DUP's Foster pledges to meet Irish language supporters as talks grind to halt
The DUP leader has promised to better understand the Irish language as she announced a series of meetings with supporters of the tongue.
Arlene Foster pledged to engage with those lacking party political baggage or demands.
An Irish language act is a key demand of Sinn Fein in exchange for returning to devolved government at Stormont.
Mrs Foster said: "We do want to respect and indeed better understand the language and culture which we are not a part of and, to that end, over the next short period of time, I do intend to listen and to engage with those from the Gaelic/Irish background, those without party political baggage or indeed demands, people who genuinely love the Irish language and don't want to use it as a political weapon.
"So I very much look forward to that engagement over the next short period of time."

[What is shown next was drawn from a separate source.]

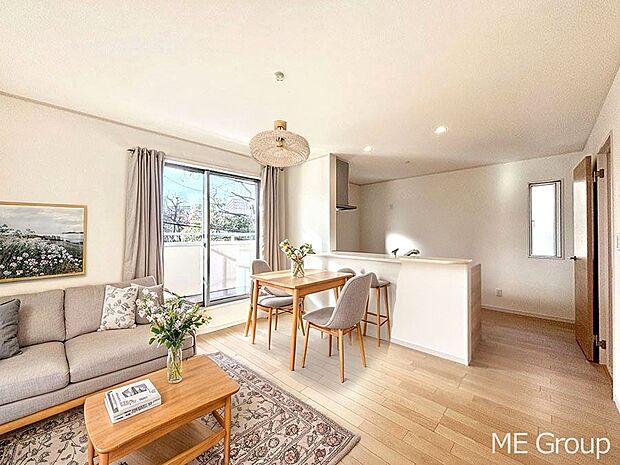 【リビング】ご家族の賑やかな話し声で包まれる明るいリビング  ※家具はCGです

In February, the former Stormont First Minister said more people spoke Polish than Irish in Northern Ireland and declared the party would never agree to an act protecting it.
Sinn Fein president Gerry Adams has said a deal to restore powersharing is being held up by disagreement over "mainly rights-based issues", such as language.
Mrs Foster said yesterday: "In terms of the Irish language, we firmly believe that it needs to be seen in the context of the whole cultural respect and affirmation of identity in Northern Ireland.
"We do recognise that there are people who love the language, who want to speak the language and be facilitated in that respect, but we also say that in respect of Ulster Scots and Orange and British identity that there needs to be respect held for those cultures as well.
"So it is about not just one side or the other, it is about mutual respect for everybody and that is the way in which we are approaching these negotiations; to have that affirmation of identity not just for one section of the community, but for everyone who lives in Northern Ireland and we think that is a very positive way forward."
DUP deputy leader Nigel Dodds said the party's MEP Diane Dodds had joined Irish language activist Linda Ervine recently, speaking to people in mainly-loyalist East Belfast about the issue.
He said: "It is important that kind of engagement takes place, we have no difficulty with that whatsoever."
Meanwhile, early May has been set as the latest deadline for the Stormont talks to restore devolution.
Secretary of State James Brokenshire said he is likely to either announce another Assembly election - which would be the third in a year - or bring back some form of direct rule from Westminster in or around the middle of next month.
As meetings between the five main parties dwindled towards an Easter break last night - with no more round-table sessions expected until the week after next - Mr Brokenshire said he believed the gaps between the parties are "surmountable".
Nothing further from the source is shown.